PROMPT: In the records below, find the line containing "Bedroom with blue" and the line containing "Diverse group of"; please repeat exactly the lines from one to the other, both included, and nothing more.

Data entries:
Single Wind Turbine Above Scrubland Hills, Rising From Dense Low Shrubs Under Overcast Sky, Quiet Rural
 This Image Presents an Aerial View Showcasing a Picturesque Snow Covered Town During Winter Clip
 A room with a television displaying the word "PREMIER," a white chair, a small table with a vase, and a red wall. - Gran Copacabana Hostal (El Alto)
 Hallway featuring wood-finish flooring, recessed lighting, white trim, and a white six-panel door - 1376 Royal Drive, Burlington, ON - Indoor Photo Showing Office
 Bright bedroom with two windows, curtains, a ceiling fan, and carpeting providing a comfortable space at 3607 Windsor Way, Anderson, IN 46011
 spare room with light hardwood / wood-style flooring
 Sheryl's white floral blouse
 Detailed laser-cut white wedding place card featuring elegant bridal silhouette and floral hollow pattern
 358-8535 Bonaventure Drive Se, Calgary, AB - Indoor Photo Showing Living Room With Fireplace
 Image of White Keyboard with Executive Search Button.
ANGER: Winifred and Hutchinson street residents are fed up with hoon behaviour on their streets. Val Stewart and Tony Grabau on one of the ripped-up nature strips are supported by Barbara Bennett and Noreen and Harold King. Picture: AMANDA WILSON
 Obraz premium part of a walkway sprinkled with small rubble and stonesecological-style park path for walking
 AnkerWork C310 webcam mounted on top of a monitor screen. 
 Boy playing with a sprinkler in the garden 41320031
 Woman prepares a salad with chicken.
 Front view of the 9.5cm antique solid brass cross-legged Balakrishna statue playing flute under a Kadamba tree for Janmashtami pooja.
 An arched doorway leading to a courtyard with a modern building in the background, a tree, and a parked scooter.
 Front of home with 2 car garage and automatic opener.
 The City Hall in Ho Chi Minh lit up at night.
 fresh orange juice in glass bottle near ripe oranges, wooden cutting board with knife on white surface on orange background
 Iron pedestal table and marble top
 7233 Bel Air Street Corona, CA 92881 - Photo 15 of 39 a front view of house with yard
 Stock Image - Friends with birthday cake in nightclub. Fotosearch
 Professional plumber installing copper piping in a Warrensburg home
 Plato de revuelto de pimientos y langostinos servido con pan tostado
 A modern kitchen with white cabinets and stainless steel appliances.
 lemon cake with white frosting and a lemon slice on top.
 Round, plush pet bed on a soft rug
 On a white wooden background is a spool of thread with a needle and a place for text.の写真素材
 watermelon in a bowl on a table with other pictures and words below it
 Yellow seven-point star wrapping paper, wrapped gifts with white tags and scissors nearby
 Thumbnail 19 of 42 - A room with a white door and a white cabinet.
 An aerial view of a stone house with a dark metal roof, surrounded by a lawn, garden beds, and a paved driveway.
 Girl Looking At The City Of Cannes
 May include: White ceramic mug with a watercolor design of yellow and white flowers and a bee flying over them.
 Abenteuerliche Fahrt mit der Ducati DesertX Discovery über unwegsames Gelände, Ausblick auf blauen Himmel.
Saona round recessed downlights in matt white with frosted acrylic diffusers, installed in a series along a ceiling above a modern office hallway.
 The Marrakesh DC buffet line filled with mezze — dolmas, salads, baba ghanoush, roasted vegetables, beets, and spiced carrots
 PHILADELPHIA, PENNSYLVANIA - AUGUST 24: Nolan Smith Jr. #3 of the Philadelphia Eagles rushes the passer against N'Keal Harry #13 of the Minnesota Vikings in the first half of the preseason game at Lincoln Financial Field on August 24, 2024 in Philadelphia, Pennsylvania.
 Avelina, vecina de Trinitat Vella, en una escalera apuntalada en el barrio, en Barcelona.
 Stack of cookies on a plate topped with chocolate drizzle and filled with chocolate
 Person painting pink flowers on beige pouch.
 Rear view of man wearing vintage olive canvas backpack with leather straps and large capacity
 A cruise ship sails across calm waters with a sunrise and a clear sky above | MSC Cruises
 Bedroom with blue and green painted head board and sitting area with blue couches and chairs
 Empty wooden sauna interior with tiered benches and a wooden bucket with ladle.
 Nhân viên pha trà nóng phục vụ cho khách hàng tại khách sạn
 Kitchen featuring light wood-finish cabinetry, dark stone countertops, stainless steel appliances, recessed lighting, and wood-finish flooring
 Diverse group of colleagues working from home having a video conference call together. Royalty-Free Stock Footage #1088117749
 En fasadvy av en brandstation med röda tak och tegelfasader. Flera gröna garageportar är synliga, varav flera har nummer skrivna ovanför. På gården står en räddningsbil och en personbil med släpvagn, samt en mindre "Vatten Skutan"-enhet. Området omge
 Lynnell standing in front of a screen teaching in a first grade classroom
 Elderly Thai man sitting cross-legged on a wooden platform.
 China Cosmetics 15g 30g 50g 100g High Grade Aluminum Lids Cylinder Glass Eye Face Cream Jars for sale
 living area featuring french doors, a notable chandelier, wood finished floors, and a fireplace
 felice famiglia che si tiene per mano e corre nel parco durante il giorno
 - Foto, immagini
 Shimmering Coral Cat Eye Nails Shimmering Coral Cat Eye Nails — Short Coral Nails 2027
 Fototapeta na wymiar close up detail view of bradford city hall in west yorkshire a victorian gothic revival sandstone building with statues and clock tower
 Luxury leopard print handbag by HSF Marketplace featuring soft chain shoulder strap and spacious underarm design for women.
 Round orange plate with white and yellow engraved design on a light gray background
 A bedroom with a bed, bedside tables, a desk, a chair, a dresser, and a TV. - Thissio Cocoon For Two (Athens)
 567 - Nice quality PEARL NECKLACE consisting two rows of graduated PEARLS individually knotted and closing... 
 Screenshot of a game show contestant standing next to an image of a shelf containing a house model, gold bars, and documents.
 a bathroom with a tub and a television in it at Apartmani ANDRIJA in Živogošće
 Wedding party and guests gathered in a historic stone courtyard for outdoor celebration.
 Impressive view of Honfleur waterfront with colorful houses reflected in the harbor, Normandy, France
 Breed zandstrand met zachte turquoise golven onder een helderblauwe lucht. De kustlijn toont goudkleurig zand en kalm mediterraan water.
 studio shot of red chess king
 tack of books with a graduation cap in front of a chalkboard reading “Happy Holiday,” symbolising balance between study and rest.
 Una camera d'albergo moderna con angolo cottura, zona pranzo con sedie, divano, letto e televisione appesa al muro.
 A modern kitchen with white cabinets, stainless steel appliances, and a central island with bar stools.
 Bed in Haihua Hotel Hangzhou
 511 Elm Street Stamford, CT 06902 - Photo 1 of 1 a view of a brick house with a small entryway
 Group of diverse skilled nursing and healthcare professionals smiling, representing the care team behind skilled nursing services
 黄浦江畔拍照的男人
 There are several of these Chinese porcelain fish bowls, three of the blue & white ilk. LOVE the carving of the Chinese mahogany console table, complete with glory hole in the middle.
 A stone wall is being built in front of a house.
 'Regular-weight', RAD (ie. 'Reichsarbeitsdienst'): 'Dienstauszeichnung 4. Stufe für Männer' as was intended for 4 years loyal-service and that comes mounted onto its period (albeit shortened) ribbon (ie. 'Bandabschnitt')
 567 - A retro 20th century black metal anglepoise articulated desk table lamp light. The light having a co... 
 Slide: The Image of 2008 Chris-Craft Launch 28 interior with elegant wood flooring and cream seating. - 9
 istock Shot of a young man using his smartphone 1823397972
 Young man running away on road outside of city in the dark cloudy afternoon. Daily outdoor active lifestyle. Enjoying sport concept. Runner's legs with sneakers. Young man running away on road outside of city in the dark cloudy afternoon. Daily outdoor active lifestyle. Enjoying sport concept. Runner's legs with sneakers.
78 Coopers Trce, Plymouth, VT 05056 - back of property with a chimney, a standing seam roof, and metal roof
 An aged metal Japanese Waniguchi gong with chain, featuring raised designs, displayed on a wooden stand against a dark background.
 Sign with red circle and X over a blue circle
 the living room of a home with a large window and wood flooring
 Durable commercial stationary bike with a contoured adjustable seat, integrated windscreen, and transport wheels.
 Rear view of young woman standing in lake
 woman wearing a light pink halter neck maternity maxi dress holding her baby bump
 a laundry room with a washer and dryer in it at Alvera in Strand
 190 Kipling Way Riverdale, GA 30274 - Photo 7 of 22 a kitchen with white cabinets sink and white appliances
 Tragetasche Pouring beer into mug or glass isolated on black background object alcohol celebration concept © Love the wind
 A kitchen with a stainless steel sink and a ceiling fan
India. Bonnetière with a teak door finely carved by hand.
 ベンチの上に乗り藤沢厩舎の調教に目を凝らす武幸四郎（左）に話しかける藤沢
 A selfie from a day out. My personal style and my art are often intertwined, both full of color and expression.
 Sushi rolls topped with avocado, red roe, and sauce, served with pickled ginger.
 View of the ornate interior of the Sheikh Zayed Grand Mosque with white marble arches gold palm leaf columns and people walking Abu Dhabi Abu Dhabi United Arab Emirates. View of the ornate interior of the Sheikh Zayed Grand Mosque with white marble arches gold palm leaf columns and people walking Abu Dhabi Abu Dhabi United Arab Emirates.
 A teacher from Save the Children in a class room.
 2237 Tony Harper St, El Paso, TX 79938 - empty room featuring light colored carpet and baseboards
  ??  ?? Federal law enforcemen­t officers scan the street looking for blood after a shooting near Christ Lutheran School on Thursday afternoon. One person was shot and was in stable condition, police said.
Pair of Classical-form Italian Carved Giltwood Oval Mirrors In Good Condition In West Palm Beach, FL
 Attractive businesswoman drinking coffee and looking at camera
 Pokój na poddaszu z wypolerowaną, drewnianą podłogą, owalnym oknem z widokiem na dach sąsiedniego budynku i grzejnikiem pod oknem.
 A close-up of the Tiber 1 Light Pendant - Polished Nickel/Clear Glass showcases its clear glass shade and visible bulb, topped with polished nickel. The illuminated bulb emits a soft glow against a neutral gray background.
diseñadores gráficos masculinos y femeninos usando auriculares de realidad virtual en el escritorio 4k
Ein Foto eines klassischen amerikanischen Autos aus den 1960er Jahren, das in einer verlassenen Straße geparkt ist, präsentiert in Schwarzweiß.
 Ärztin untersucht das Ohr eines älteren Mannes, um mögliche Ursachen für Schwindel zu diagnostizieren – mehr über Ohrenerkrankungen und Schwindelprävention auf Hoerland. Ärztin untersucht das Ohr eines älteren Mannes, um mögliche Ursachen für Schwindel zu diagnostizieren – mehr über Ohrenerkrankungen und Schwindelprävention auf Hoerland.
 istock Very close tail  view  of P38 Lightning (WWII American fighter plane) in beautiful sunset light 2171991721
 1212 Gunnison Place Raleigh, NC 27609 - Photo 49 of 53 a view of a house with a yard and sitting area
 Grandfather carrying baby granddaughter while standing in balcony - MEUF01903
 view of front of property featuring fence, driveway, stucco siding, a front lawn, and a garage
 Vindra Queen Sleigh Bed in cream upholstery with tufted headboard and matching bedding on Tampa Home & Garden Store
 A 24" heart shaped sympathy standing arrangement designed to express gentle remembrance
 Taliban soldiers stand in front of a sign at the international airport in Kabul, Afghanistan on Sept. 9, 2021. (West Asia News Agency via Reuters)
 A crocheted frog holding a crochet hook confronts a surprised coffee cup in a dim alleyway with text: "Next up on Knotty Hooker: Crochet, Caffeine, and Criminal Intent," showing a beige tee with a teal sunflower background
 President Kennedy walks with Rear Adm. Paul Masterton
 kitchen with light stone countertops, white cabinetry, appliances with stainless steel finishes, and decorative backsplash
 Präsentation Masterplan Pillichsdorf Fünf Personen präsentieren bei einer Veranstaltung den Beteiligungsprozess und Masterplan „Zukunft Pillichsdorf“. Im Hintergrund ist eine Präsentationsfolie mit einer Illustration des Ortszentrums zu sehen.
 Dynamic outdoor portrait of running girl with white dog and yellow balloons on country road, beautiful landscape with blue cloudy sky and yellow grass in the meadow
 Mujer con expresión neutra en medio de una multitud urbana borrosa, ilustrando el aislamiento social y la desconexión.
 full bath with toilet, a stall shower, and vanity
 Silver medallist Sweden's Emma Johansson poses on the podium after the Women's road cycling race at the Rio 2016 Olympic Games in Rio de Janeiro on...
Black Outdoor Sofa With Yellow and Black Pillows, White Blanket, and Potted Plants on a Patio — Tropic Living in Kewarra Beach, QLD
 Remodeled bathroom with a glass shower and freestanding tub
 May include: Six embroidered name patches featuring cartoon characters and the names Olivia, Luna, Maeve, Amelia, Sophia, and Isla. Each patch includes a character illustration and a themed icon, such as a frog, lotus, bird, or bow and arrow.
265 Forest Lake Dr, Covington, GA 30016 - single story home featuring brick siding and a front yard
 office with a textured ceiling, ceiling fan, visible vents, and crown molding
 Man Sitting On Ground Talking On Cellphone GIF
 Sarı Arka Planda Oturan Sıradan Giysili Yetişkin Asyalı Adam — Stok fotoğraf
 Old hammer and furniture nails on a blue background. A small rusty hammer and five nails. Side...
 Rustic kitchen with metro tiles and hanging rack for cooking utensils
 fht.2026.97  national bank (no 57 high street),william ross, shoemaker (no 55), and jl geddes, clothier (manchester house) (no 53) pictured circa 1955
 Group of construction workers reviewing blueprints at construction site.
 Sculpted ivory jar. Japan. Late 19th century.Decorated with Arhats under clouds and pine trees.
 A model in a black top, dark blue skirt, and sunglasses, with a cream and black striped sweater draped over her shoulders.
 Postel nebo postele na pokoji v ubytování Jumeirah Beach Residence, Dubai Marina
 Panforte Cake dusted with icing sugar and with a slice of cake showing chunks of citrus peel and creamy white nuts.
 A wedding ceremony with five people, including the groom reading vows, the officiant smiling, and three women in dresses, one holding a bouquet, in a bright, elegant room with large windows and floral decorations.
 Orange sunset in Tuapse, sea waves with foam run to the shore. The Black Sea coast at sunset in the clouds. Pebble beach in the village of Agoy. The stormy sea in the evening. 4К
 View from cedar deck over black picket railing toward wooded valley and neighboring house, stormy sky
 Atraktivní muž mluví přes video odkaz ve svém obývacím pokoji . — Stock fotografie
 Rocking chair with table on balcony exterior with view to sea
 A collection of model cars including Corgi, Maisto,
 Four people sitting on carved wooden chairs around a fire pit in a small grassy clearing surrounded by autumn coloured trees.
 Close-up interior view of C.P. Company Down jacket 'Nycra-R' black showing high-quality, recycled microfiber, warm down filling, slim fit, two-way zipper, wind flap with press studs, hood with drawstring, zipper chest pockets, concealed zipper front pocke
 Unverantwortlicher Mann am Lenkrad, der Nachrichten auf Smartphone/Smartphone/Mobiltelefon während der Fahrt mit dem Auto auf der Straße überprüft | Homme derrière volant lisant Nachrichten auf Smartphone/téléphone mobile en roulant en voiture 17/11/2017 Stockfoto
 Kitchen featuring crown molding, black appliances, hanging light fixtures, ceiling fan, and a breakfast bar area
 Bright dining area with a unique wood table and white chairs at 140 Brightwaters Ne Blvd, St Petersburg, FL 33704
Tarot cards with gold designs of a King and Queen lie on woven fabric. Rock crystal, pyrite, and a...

SOLUTION TO THIS EXERCISE:
 Bedroom with blue and green painted head board and sitting area with blue couches and chairs
 Empty wooden sauna interior with tiered benches and a wooden bucket with ladle.
 Nhân viên pha trà nóng phục vụ cho khách hàng tại khách sạn
 Kitchen featuring light wood-finish cabinetry, dark stone countertops, stainless steel appliances, recessed lighting, and wood-finish flooring
 Diverse group of colleagues working from home having a video conference call together. Royalty-Free Stock Footage #1088117749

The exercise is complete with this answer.